I was using Opera and haven't downloaded adobe flash for Opera yet.


10 Feb 10 - 08:47 AM (#2834842)
Subject: RE: BS: Palin sips tea tonight
From: Riginslinger

These are simply Ross Perot supporters who are older and wiser now, and more politically astute.


10 Feb 10 - 10:23 AM (#2834957)
Subject: RE: BS: Palin sips tea tonight
From: mousethief

I have seen nothing to cause me to think these people are the least bit politically astute. Perotistas were genius masterminds in comparison.

O..O
=o=


10 Feb 10 - 10:36 AM (#2834977)
Subject: RE: BS: Palin sips tea tonight
From: beeliner

Perot had well-thought-out platforms, whether you agreed and whether they were tenable or not.

Sarah Palin's only platforms are the ones in her shoes.


10 Feb 10 - 11:14 AM (#2835019)
Subject: RE: BS: Palin sips tea tonight
From: Riginslinger

I don't think Perot was in-synch with the people who supported him. If he was he would have let Richard Lamm run in 1996. If that had happened, we probably wouldn't even have a Tea Party movement today.
          Whether Lamm won or lost, the issues would have been presented to the public, and whoever won in '96 would have had to address them.


10 Feb 10 - 03:07 PM (#2835314)
Subject: RE: BS: Palin sips tea tonight
From: CarolC

I have seen nothing to cause me to think these people are the least bit politically astute.

Sure they are. They figured out that they needed some female eye candy as the face of their movement if they wanted to win anything (because that's all they've got).


10 Feb 10 - 03:49 PM (#2835351)
Subject: RE: BS: Palin sips tea tonight
From: Riginslinger

Which, of course, seems to be more than anyone else has got, at the moment.


10 Feb 10 - 07:48 PM (#2835587)
Subject: RE: BS: Palin sips tea tonight
From: Donuel

Palin was an intentional "accident" invented by Karl Rove as an attempt to equal or best the Democratic ticket which had a woman running for President. Bobby Jindle was also a Republican response to the Democrats having a dark skinned candidate.

A day before Palin was announced Karl Rove spoke of the Republican party introducing a soft Republican woman into the area of Presidential politics. You see they always portrayed Hillary as shrill and hard edged so they would have a soft curvacious alternative to Hillary in Sarah.

As we see now, not much thought or vetting went into their desperate decision to throw McCain the female vote.

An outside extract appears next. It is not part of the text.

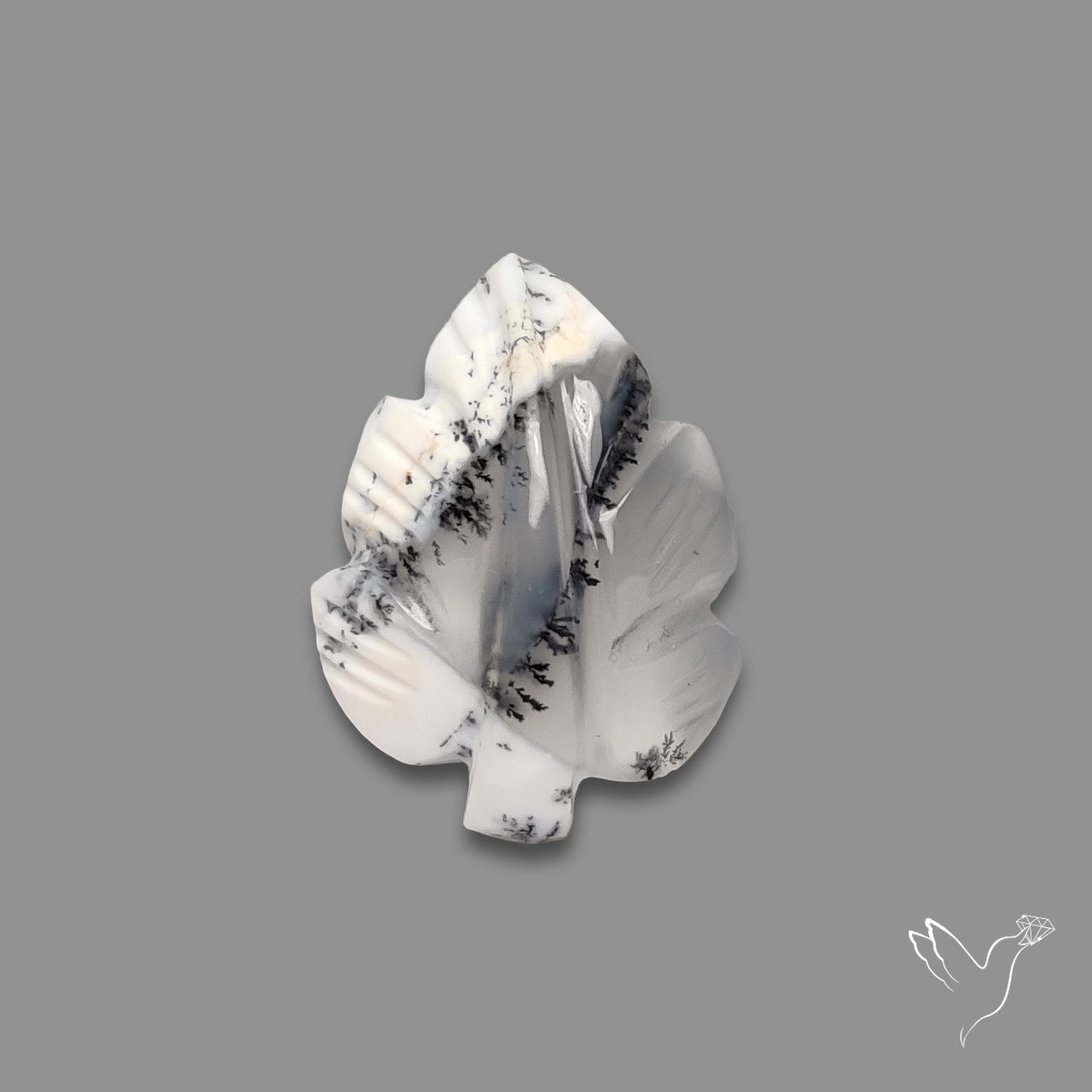 Dendritic Agate Leaf Carving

10 Feb 10 - 08:20 PM (#2835620)
Subject: RE: BS: Palin sips tea tonight
From: CarolC

The radical Christian right has been cultivating Sara Palin for years, Donuel. She is one of the people the dominionist movement is hoping will help the accomplish their goal of taking over the government.


10 Feb 10 - 08:23 PM (#2835623)
Subject: RE: BS: Palin sips tea tonight
From: Ebbie

Donuel, please document Karl Rove referring to a woman candidate - soft or otherwise - the day before McCain introduced Palin. Please.


11 Feb 10 - 07:55 PM (#2836692)
Subject: RE: BS: Palin sips tea tonight
From: Bobert

Hmmmmmmm, Carol, ya' think that Christain Right would be dumb (like a fox) enough to get this woman elected... She does seem to have no real core principles other than pablum sound bites... But then again, pablum sounds bites is what the Christain Right is all about... Other than goobs of money and power...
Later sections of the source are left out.